“Négritude” is a hip-sounding neologism invented by French-speaking writers in Paris in the 1930s. The idea was to create a pan-African identity, resistant to colonialism and informed by sources like surrealism, post-revolutionary Haiti, and Harlem Renaissance writers such as Langston Hughes and W. E. B. Dubois. The word “négre” also came with plenty of pejorative baggage, which meant that Aimé Césaire, who coined the term, and Léopold Sédar Senghor—not just a poet, but later Senegal’s first president—were engaging in some good old linguistic reappropriation (well, avant la lettre).
Despite its revolutionary leanings, négritude’s reception and embrace, even among black artists and writers, was mixed. Jean-Paul Sartre supported it in an essay, “Black Orpheus,” in the introduction to a 1948 poetry anthology edited by Senghor, but Frantz Fanon called the concept simplistic, and Nigerian Nobel Laureate Wole Soyinka described it as a narcissistic and defensive colonialist stance.
Exit Art’s Négritude—a scattershot hodgepodge of art, text, film, video, and performance—doesn’t take sides. Instead, it approaches the term poetically as an “archipelago” with “many ‘islands,’ or perspectives.” But it also falls into what might be called the proto-exhibition category: not terribly satisfying on its own, but providing the impetus for someone, somewhere, to organize a more comprehensive one. (Particularly since artists and curators like Thelma Golden of the Studio Museum of Harlem have bandied about another, more contemporary-sounding term: Post-Black.)

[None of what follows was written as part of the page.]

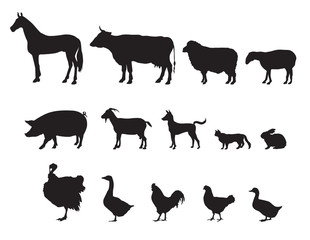 Farm animals vector set. Livestock.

Négritude is framed as an “experimental multidisciplinary exhibition,” which means it’s purposefully not comprehensive, and, given the changing lineup of films and video, the show you see might be slightly different than the one I saw. It’s got an impressive roster of curators, recruited by Exit Art’s Papo Colo: longtime Voice writer Greg Tate; curator Franklin Sirmans; Brazilian filmmaker Tânia Cypriano; and Rose Réjouis, a scholar who co-translated Patrick Chamoiseau’s epic novel about colonial Martinique, Texaco (1993).
Tate’s section is the best: It includes a handful of vibrant works—paintings, mostly—by black outsider artists like Thornton Dial Sr., Lonnie Holley, Purvis Young, and Bessie Harvey. Also in Tate’s corner is Xaviera Simmons’s low wall of album covers from the ’60s, ’70s, and ’80s: Ashford & Simpson, Cruz and Colon, Peaches & Herb, Roberta Flack. It’s also a reminder of Exit Art’s great exhibition The LP Show (2001), which offered a similar, if expanded, view of the world through the idiosyncratic classification systems of record collectors.

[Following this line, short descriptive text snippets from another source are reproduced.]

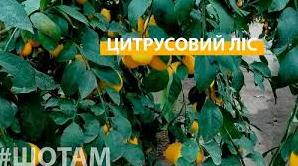 Стаття Лісівники виростили лимонний ліс посеред сосен на Черкащині Ранкове місто. Крим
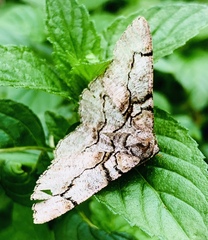 Iridopsis larvaria
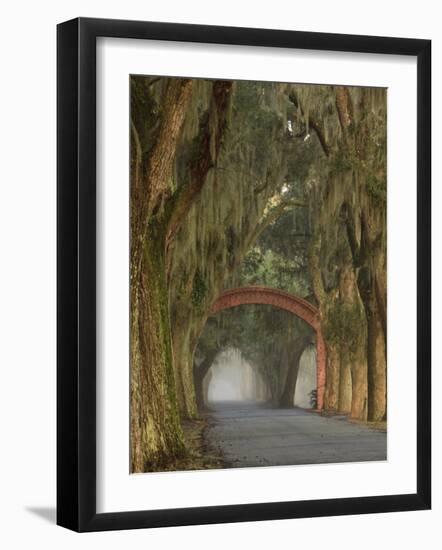 Entrance To Bethesda in Early Morning Light, Savannah, Georgia, USA-Joanne Wells-Framed Photographic Print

Cypriano’s section features a changing roster of documentary films and videos from Brazil, while Réjouis’s includes art objects, a reading by poet Saul Williams, and a musical performance by the group Dallam-Dougou. Sirmans, the best-known curator in the group, phoned this one in with a single offering of modest paintings by Tierney Malone that recall faded street signs. (Although his recent NeoHoodoo show at P.S.1 trawled somewhat similar territory to Négritude: how spiritual and ritual practice in the Americas have been used to address race, gender, slavery, and colonization.)

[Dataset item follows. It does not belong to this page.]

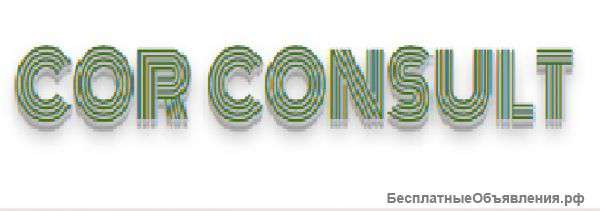 Налоговое и бухгалтерское сопровождение в Словакии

In many ways, Négritude, like many shows at Exit Art, takes you back to the early ’90s and that era’s concept-heavy exhibitions revolving around identity politics and generous doses of installation art. But with one essential difference: the ambivalence of the present. Is négritude viable or historically spent? The show at Exit Art is freewheeling (and unrigorous) enough to support either view. Literature, for its part, has already spawned a new term for writing of the African diaspora: “migritude.” Maybe next year will bring us Migritude, the exhibition.